Kings getting murdered by Parker, and on the boards.


----------



## Peja Vu (Jun 9, 2002)

Peja Vu said:


> I say Parker has a huge game (35+).......they will protect the homecourt fo sho.
> 
> Kings 197
> Spurs 91


Fixed.


----------



## CbobbyB (Feb 16, 2006)

WoW...


----------



## WarriorFan64 (Jul 4, 2005)

lol 73 - 41 you guys will get swept. LOL LOL, you guys are not good enough. Artest is not all that good. :clap: :clap:


----------



## TheRoc5 (Mar 1, 2005)

its amazing how people switch from one side to another after a loss, all we have done is kept our hca so far. big deal its one win. i no yall are gonna give us one heck of a game tuesday and intill then good luck


----------



## larry89 (Dec 18, 2005)

WarriorFan64 said:


> lol 73 - 41 you guys will get swept. LOL LOL, you guys are not good enough. Artest is not all that good. :clap: :clap:



Atleast the Kings made the playoffs :laugh:

And If I can recall you were pissed off that the Warriors did not obtain Artest and admitted it here :banana:

http://basketballboards.net/forum/showthread.php?t=236876


----------



## KingByDefault (Dec 6, 2005)

I don't have a problem with the Warrior fan coming on and baggin on us. We deserve it. Plus its like and ant making fun of the size of an elephants d*ck.


----------



## xray (Feb 21, 2005)

1-0. That's all it is, unless it gets into your head. Game 2 will tip off 0-0.

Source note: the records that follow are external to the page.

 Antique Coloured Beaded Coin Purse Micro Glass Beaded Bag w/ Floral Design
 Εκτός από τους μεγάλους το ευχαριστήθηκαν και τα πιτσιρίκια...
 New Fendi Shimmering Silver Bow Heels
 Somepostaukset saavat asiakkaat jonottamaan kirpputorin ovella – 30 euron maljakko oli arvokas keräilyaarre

Hope the Kings remember that.


----------



## TheRoc5 (Mar 1, 2005)

bray1967 said:


> 1-0. That's all it is, unless it gets into your head. Game 2 will tip off 0-0.
> 
> Hope the Kings remember that.


very true


----------



## ElMarroAfamado (Nov 1, 2005)

damnit, i hate the Kings, but i hate the Spurs more, and i was watching the game cheering the 

Kings on and they just dissapointed me 


i hope you guys do better game 2 GO KINGS!!! hhaha


:banana:


----------



## ElMarroAfamado (Nov 1, 2005)

your guys BIG MEN are gonna have to start playing some DAMN D 


TOny Parker all he does is drive and layup....block his shots or cut his lane to the basket...

do something...thats all he does all game ...drive...if someone comes he will dish it out......

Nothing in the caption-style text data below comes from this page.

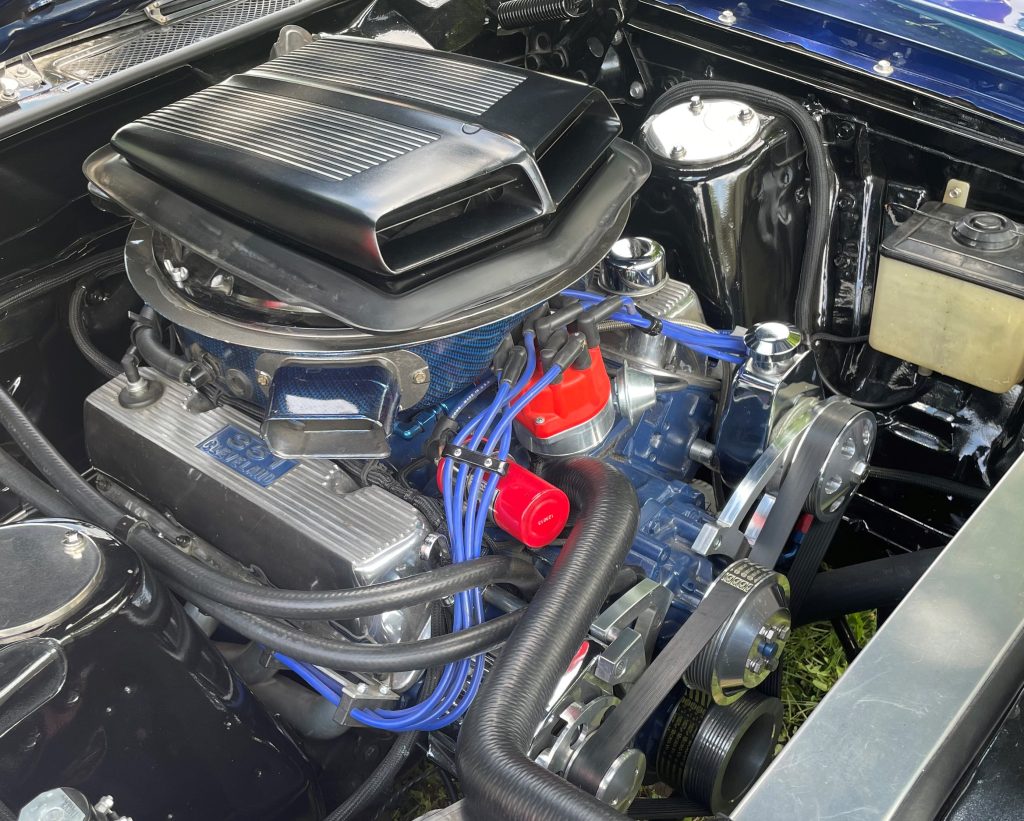 351 ford cleveland engine with shaker air cleaner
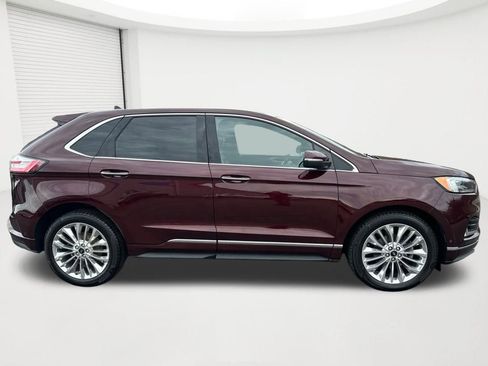 Used 2020 Ford Edge Titanium w/ Equipment Group 301A image 4
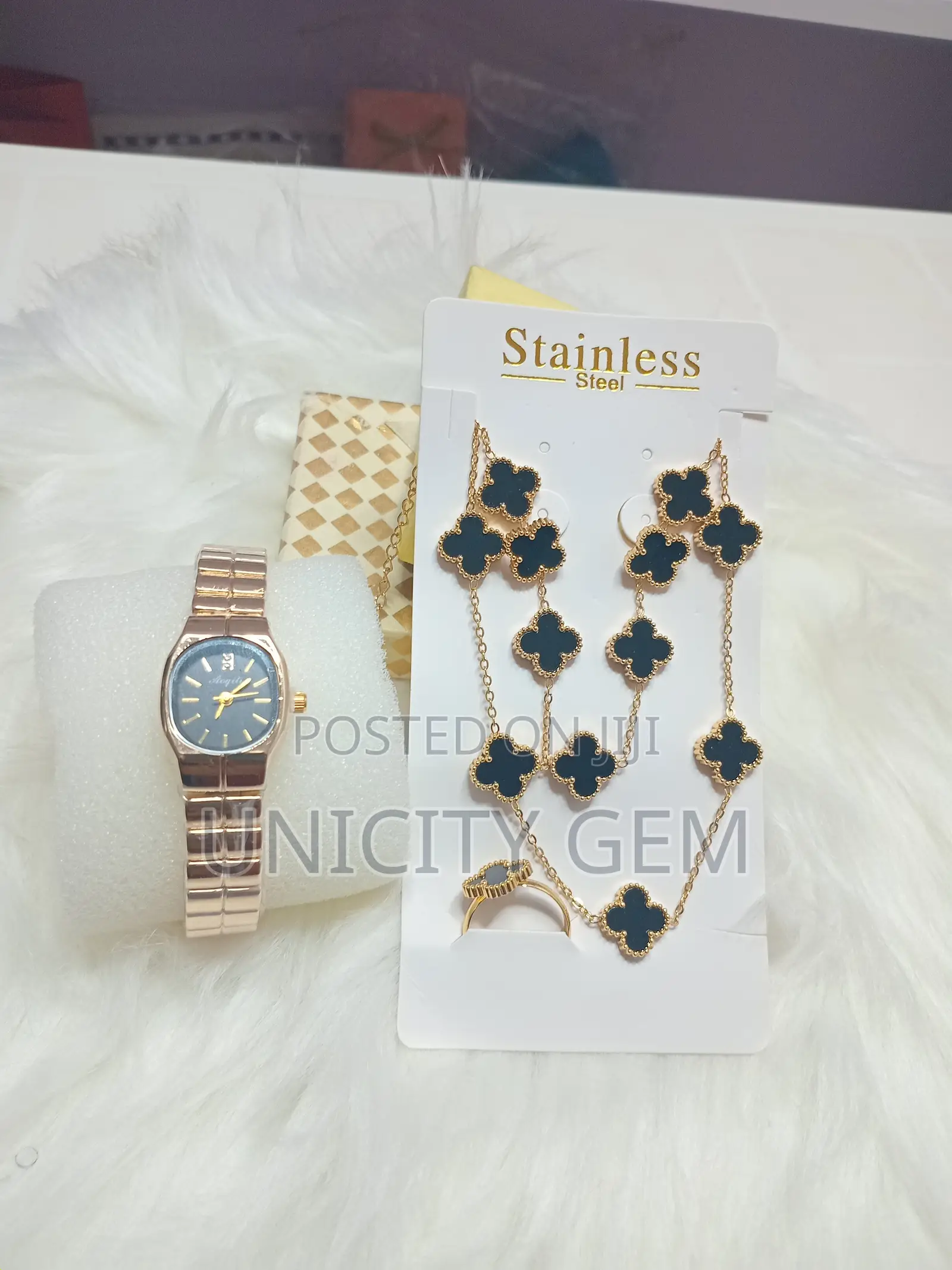 VCA Complete Set With Wristwatch | Elegant Women Combo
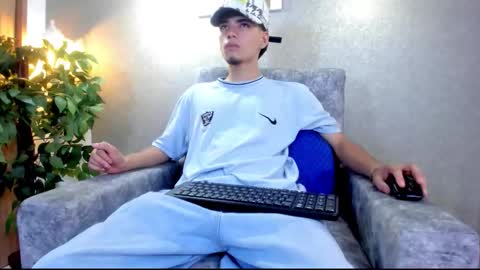 Snapshot of axel_wiliams chatting on October 2025 06:07:01 PM axel  online show from October 2025 06:07:01 PM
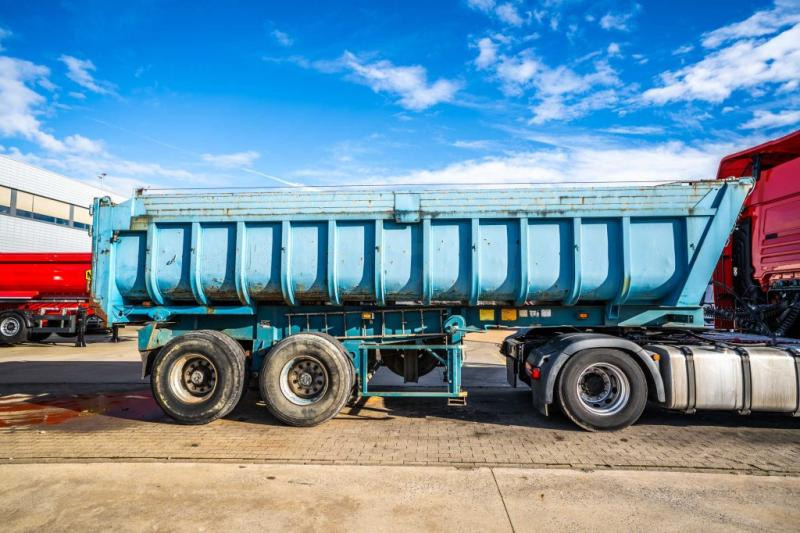 Benalu FRUEHAUF DF33 - 翻斗半拖车:图3 Benalu FRUEHAUF DF33 - 翻斗半拖车:图3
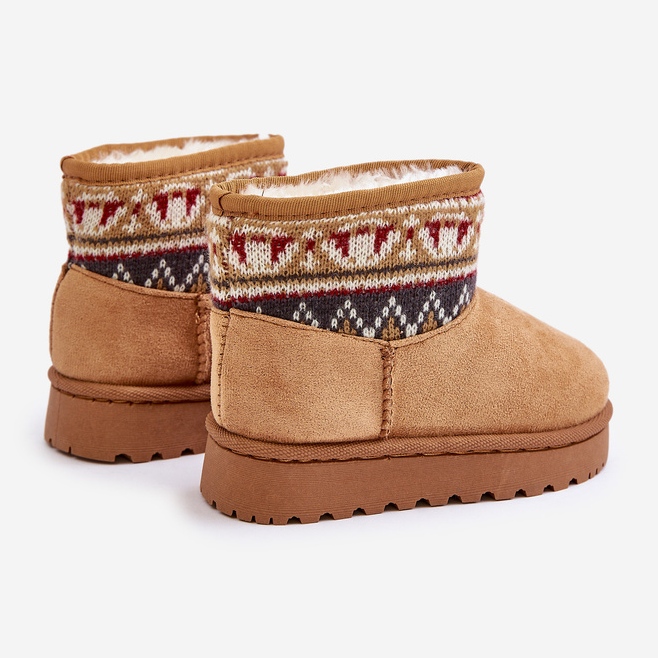 Stivali da neve slip-on per bambini con inserto fantasia, isolati con pelliccia Mirirae di cammello beige 2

the Clippers beat them a game earlier in the Season , by putting their defensive weapon on Parker...

he scored his points....BUT HE LIMITED HIS LAYUPS , AND THATS ALL HE TRIES TO DO....

and the Clippers won....so maybe you guys should employ that strategy ..just stop his 

damn penetration....and Ginoblies.....


play some Box D or something.....and just get out the the 3 pt shooters in case....


----------



## xray (Feb 21, 2005)

Yeah, you can't let those little fellas get to the rim.


----------



## larry89 (Dec 18, 2005)

All the times I saw Parker Drive Brad Miller just stood there with his right arm raised planted like a tree... :curse: :curse: :curse:


----------



## Floods (Oct 25, 2005)

WarriorFan64 said:


> lol 73 - 41 you guys will get swept. LOL LOL, you guys are not good enough. Artest is not all that good. :clap: :clap:


at least we make the playoffs...so what's your drought, 10 seasons, 11? I'd love to see your team NOT get swept by the Spurs.

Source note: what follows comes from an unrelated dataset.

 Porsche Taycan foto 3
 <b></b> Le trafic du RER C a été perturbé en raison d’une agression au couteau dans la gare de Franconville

And Artest plays twice the defense himself in one game than your team does in an entire season.


----------



## Floods (Oct 25, 2005)

it's just one game guys, i ain't gonna panic, we still got a chance


----------



## WarriorFan64 (Jul 4, 2005)

you guys are going to lose the series, my warriors stayed with spurs even though they lossed.


----------



## Floods (Oct 25, 2005)

the point is it's kind of dumb to bash a team that's has a lengthy playoff streak going when your team hasn't made it in a decade.


----------